Not that she didn’t want him to feel this magnan
imous spirit, but she couldn’t help wondering how, after such a display of hatred last night, he could make such a turnaround. “Why the sudden change of heart?”
“This feud is getting in the way of something real important.”
“What’s that?”
“Me asking you out.”
Jane grinned gleefully, and snuggled her ear closer into the phone. This was an answer she liked. “Would it appear too desperate to say that I’m really glad you called?”
He laughed, and the sound was genuine this time, not forced. “No, darlin’. Sounds honest.”
“Honest is good.” The simple phrase was a mantra for Jane, had been ever since she could remember. Even as a child, her mother had always led her to believe that honesty was the only way to live her life. Painful or painfree. Ironic as her mother was holding onto a very deep secret regarding Jane’s father during that time.
“Pick you up in an hour?”
Bobby’s query shot her back into reality, and she muttered swiftly, “I’m sorry, what?”
“I said I’ll come by, pick you up in an hour,” he repeated.
She glanced at the clock, then down at her robe. “It’s only eight o’clock.”
“All right,” he acquiesced with a trace of mock annoyance. “Two hours.”
“So bossy,” she chided playfully. “And would you like to tell me what to wear, as well, Mr. Callahan?”
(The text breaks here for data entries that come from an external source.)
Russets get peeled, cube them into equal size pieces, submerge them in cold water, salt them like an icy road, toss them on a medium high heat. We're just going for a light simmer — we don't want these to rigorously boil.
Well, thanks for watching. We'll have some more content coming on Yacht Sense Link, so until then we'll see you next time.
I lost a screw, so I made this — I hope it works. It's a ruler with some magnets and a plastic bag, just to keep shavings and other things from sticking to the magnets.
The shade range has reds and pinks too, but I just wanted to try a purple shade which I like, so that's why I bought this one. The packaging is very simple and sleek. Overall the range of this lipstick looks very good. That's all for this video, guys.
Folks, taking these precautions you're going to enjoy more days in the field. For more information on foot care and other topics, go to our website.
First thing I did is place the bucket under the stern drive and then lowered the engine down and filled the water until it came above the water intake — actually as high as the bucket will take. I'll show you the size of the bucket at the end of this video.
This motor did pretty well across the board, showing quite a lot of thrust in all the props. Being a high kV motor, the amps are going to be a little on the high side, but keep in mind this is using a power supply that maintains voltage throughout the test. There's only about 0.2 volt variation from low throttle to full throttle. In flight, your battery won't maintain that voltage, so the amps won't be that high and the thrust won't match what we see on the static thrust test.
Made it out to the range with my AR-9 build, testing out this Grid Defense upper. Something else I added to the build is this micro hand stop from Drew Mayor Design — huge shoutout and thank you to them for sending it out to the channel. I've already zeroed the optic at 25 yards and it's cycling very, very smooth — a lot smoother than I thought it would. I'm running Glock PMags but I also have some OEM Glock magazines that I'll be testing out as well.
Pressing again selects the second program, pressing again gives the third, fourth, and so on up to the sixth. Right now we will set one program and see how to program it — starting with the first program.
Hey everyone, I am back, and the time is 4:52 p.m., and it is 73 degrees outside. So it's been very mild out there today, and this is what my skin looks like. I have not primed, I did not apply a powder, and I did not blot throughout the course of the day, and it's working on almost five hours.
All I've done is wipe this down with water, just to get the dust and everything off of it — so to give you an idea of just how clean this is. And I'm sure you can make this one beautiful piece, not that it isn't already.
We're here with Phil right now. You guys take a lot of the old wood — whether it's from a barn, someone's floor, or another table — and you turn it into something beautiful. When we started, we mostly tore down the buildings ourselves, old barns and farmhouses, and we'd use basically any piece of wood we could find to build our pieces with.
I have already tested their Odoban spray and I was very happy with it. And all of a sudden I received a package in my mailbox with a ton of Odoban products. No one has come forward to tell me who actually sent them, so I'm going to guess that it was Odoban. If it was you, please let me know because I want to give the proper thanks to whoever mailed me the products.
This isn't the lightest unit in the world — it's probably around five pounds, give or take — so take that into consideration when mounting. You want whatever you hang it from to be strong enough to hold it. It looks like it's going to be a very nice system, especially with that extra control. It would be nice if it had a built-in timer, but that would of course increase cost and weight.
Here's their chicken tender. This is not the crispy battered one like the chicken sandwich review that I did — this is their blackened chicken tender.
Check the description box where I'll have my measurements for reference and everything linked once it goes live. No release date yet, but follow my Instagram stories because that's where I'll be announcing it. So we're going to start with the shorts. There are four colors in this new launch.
His voice dropped to a husky whisper. “Damn right I would, but with the suggestion I’d make you might just get arrested the minute you step out your front door.”
She laughed. “Casual elegant, it is then.”
“Fine,” he muttered dolefully.
“Are we really going to do this, Bobby? Are we really going to date after…well, after last week?”
“You bet. And we’re going to do it the right way.”
“The right way?”
“Hand-holding, then maybe a kiss or two…we’re going slowly this time.”
Little shots of thrill twirled in her belly, and she leaned closer to the phone, her lips brushing over the receiver, her mind conjuring images of that sweet, soft kiss. “Like courting?”